The combination of tiled batch matmul (eliminating redundant weight loads) and SIMD vectorization (processing 16 elements per instruction) addresses both the memory-bound and compute-bound limitations simultaneously. Neither alone gets the full benefit.
09
End-to-end results — the full picture
| Engine variant | Precision | Batch support | Matmul strategy | Accuracy | Relative latency |
| Float BS=1 | float32 | Single input | Loop reorder | 97.36% | 1.0× (baseline) |
| INT8 BS=1 | int8 | Single input | Cache-friendly | 97.36% | ~0.8× |
| INT8 batched naive | int8 | N inputs | Serial loops | 97.36% | ~0.6× per input |
| INT8 tiled batch | int8 | N inputs | Tiled (cache-aware) | 97.36% | ~0.3× per input |
| INT8 tiled + SIMD | int8 | N inputs | Tiled + Neon | 97.36% | ~0.05–0.1× per input |
Accuracy is preserved at 97.36% across all variants. Every optimization is a pure latency improvement with no accuracy cost — a consequence of the INT8 quantization working well for this task and the tiling/SIMD changes being mathematically equivalent to the unoptimized code.
Conclusions
What this experiment teaches us
Lesson 01
Frameworks are layers of abstraction over simple math
The entire forward pass of this network is three matrix multiplications and two elementwise max operations.
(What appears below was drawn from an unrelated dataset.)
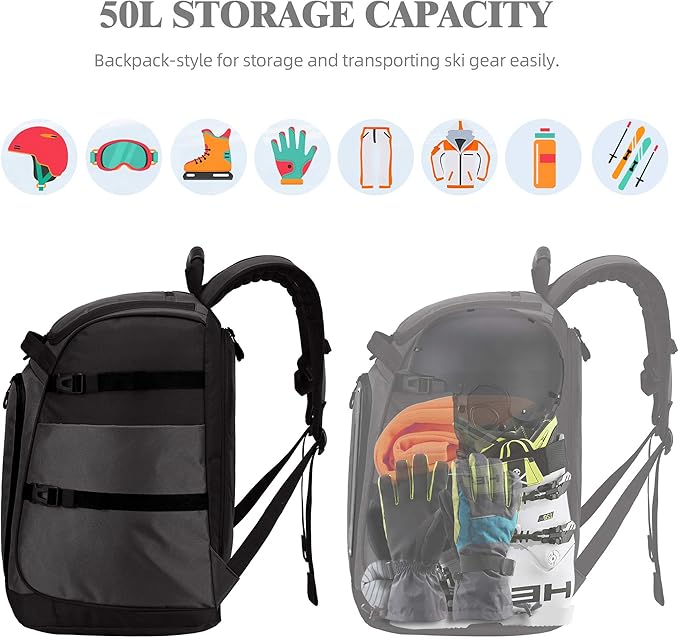 Ski/Snowboard Boot Bag/Skating Bag | Excellent for Store and Transport Gear, Jacket, Helmet, Goggles, Gloves & Accessories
Stripping the framework reveals how little is actually happening — and how much room there is to optimize it.
Lesson 02
The cache problem compounds across batch dimensions
A single-input engine that looks cache-friendly can be cache-hostile at batch scale. The batch dimension changes which data is reused and how — a separate analysis is needed for every access pattern change.
Lesson 03
INT8 quantization is often free for small networks
For MNIST, quantization produced zero accuracy loss. The weight distributions were well-behaved and the task not precision-sensitive. This doesn't generalize to all tasks, but it's a strong starting point assumption.
Lesson 04
SIMD and tiling are multiplicative, not additive
Tiling alone resolved the memory bottleneck. SIMD alone improved throughput. Together they address separate constraints — memory bandwidth and compute throughput — and their benefits compound rather than overlap.
The 10–20× SIMD improvement is significant, but the most important result is architectural: a fully working inference engine that owns every line of code, verifiably matches PyTorch's accuracy, and runs on hardware with no OS, no runtime, and no framework overhead.